The trap is in the recontribution side: the contribution room restored by a withdrawal does not become available until 1 January of the year after the withdrawal. Putting money back in the same calendar year typically triggers the 1% per month overcontribution penalty. This guide walks through the recontribution timing rule with three worked examples, the rare cases where same-year recontribution is allowed (a specific transfer scenario), and the year-end strategy that maximizes flexibility.
For broader contribution-room mechanics see TFSA Contribution Room 2026 Canada. For overcontribution penalty details see TFSA Overcontribution 1% Penalty.
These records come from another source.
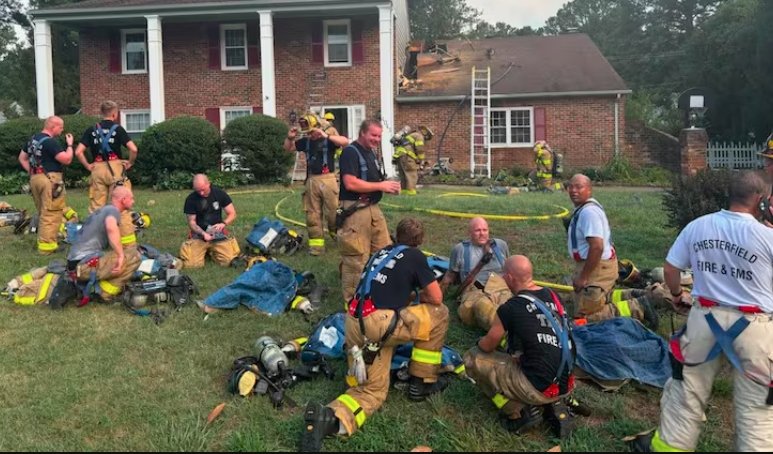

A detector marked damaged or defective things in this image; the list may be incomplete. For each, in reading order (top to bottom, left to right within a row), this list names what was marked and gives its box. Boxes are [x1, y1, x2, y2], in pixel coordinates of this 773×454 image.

damaged roof [402, 33, 632, 101]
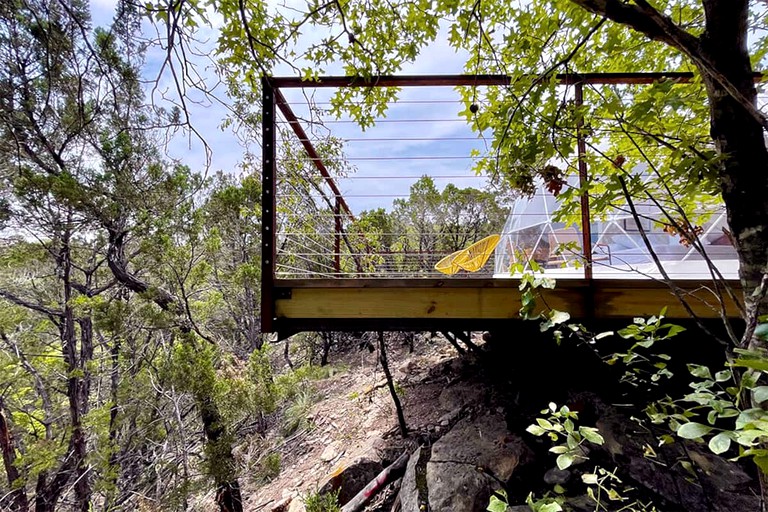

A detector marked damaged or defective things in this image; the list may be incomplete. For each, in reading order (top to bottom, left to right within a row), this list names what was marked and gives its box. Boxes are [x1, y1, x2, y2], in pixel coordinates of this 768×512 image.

rusted steel frame [262, 77, 278, 332]
rusted steel frame [272, 86, 354, 218]
rusted steel frame [270, 71, 712, 88]
rusted steel frame [576, 82, 592, 280]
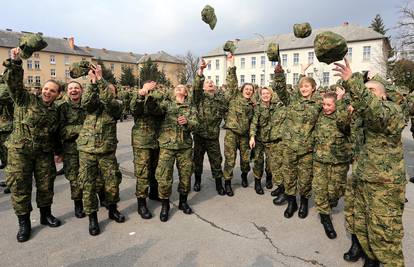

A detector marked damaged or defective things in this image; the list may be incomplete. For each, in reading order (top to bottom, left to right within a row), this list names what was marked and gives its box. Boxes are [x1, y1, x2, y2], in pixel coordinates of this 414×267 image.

crack in pavement [169, 203, 252, 241]
crack in pavement [251, 222, 328, 267]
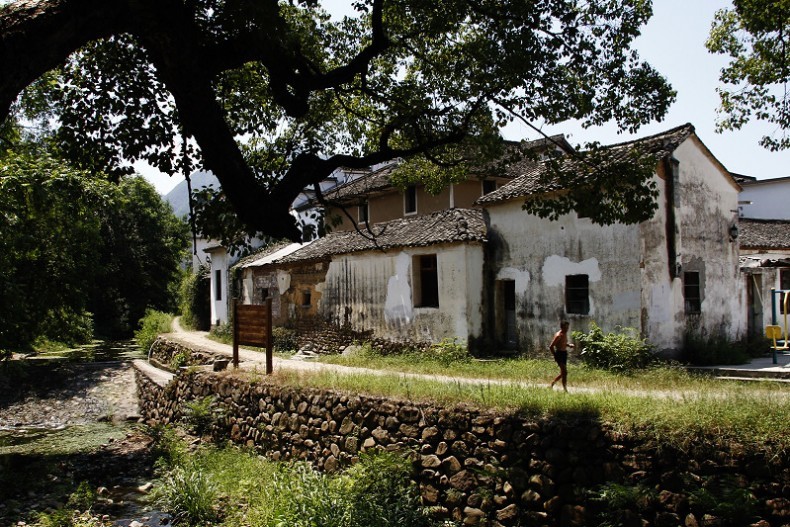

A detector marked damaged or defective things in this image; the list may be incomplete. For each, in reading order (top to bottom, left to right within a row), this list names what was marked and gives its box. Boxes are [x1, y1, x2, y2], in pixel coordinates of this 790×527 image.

peeling paint on wall [384, 254, 414, 328]
peeling paint on wall [540, 255, 604, 286]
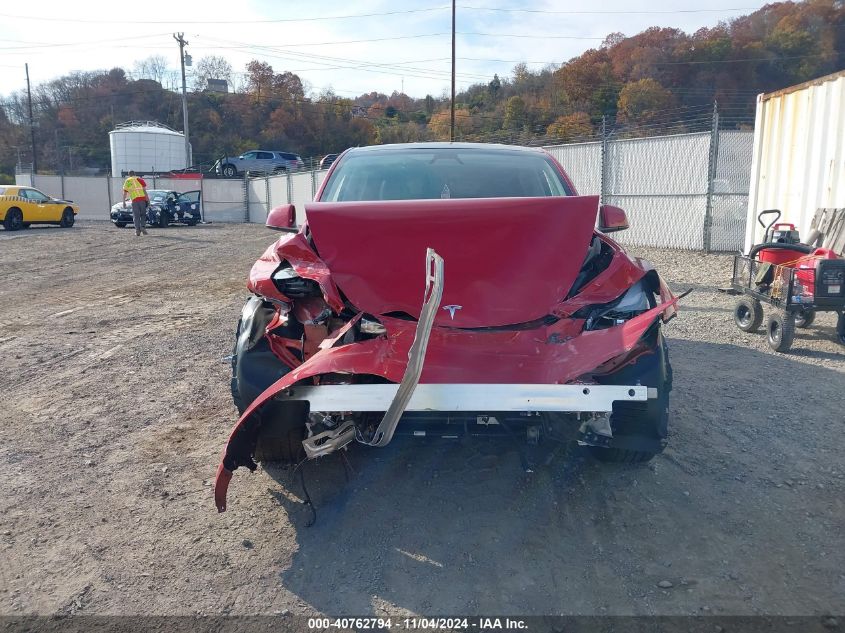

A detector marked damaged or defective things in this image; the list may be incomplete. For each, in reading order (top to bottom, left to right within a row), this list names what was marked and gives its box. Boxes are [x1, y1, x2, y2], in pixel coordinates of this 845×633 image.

crashed red tesla [213, 142, 680, 508]
crumpled hood [306, 196, 596, 326]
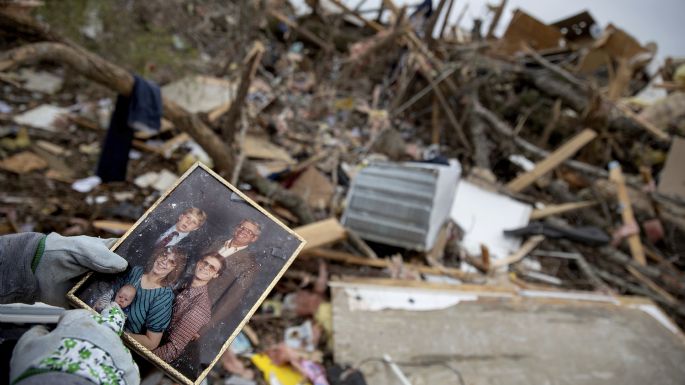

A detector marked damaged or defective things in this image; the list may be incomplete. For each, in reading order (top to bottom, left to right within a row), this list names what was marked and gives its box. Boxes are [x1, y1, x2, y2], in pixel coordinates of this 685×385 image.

broken plywood sheet [496, 8, 560, 54]
broken plywood sheet [162, 74, 236, 113]
broken plywood sheet [13, 104, 69, 131]
broken plywood sheet [244, 135, 296, 164]
splintered lumber [504, 128, 596, 192]
broken wood plank [504, 128, 596, 192]
broken plywood sheet [656, 136, 684, 198]
broken plywood sheet [288, 167, 332, 210]
splintered lumber [296, 216, 348, 252]
broken wood plank [296, 218, 348, 250]
splintered lumber [302, 246, 472, 280]
broken wood plank [308, 246, 472, 280]
broken plywood sheet [452, 182, 532, 260]
splintered lumber [488, 232, 544, 268]
broken wood plank [488, 232, 544, 268]
splintered lumber [528, 200, 600, 218]
broken wood plank [528, 200, 600, 218]
splintered lumber [608, 160, 648, 266]
broken wood plank [608, 160, 648, 266]
broken plywood sheet [332, 280, 684, 384]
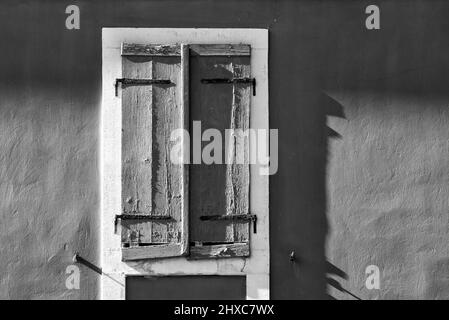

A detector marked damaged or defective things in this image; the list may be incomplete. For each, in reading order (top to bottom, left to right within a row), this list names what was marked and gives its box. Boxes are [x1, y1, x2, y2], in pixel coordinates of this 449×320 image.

rusty metal hinge [114, 78, 172, 96]
rusty metal hinge [200, 77, 256, 96]
rusty metal hinge [114, 215, 172, 232]
rusty metal hinge [199, 214, 258, 234]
1. The recontribution rule in one sentence
Withdrawal amount is added to your contribution room on 1 January of the calendar year after the year in which the withdrawal was made.
That is the entire rule. Five exceptions and four practical implications follow.
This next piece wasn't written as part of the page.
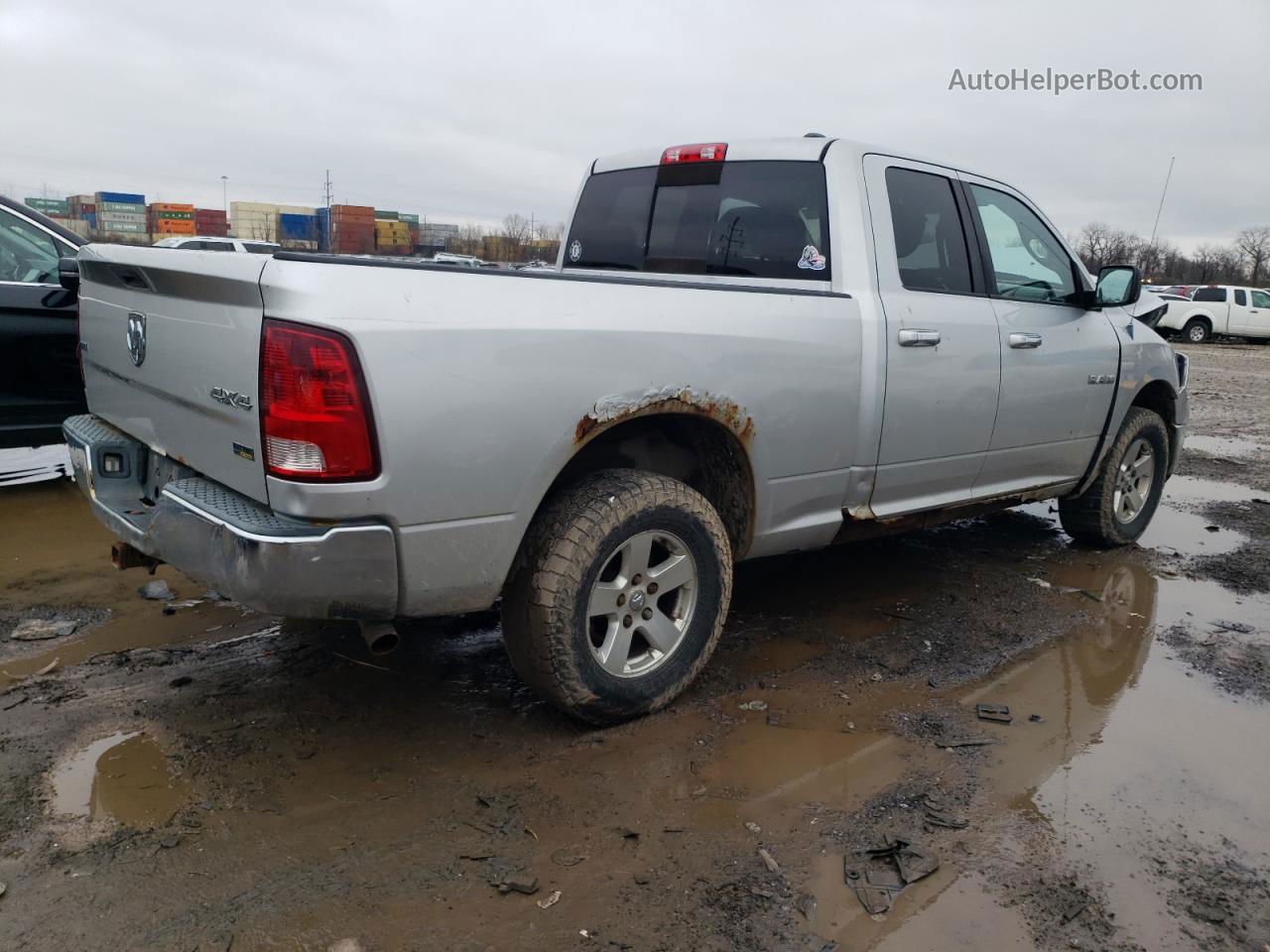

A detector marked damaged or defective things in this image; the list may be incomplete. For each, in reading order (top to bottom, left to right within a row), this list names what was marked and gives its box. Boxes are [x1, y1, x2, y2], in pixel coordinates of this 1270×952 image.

rust spot [575, 387, 754, 446]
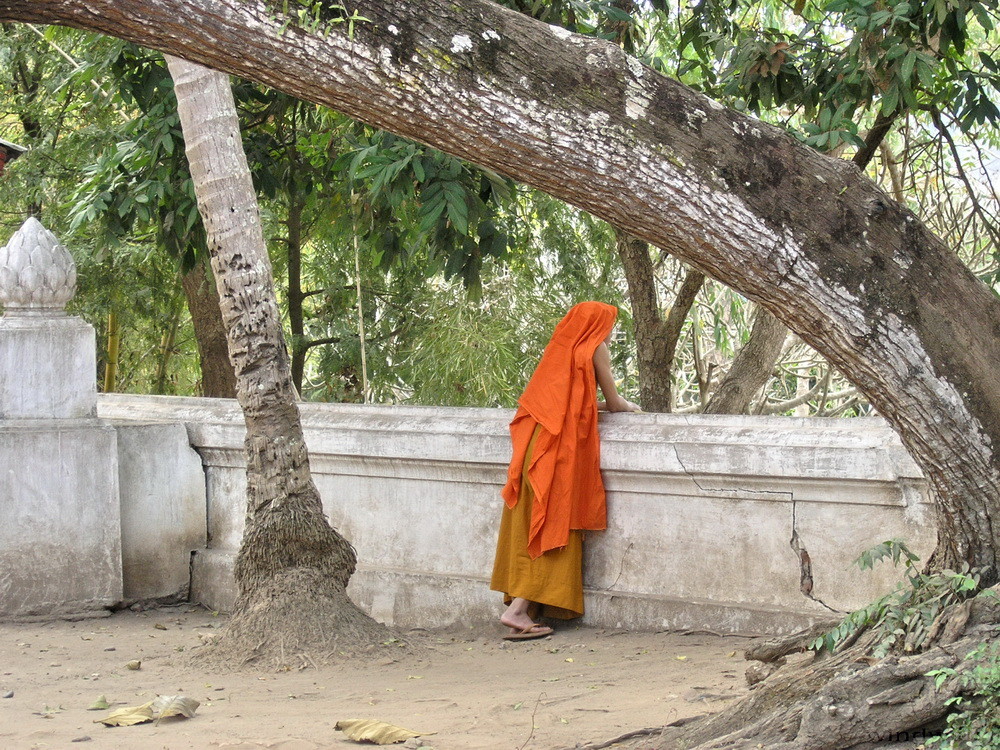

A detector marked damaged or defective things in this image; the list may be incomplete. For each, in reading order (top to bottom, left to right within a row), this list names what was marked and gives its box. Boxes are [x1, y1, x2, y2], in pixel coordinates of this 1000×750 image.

cracked concrete wall [97, 396, 932, 636]
crack in wall [672, 444, 844, 612]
Worked example: same-year recontribution mistake
Sara has $50,000 in her TFSA on 1 January 2026. Her 2026 contribution room (the unused $7,500 for the year, assuming she’d already used prior years’ room) is $7,500.
- February 2026: She withdraws $20,000 for a renovation.
- October 2026: The renovation comes in $20,000 under budget. She wants to put the $20,000 back.
If she puts $20,000 back in October 2026:
- Available room as of October 2026: $7,500 (her 2026 unused amount).
- Excess contribution: $20,000 − $7,500 = $12,500.
- Penalty: 1% × $12,500 per month from October through December = $125 × 3 = $375 penalty.
- Plus T1-OVP form filing required.
If she waits until January 2027:
- Available room on 1 January 2027: $7,500 (her 2027 annual limit) + $7,500 (her 2026 unused room rolling forward) + $20,000 (the 2026 withdrawal restored) = $35,000.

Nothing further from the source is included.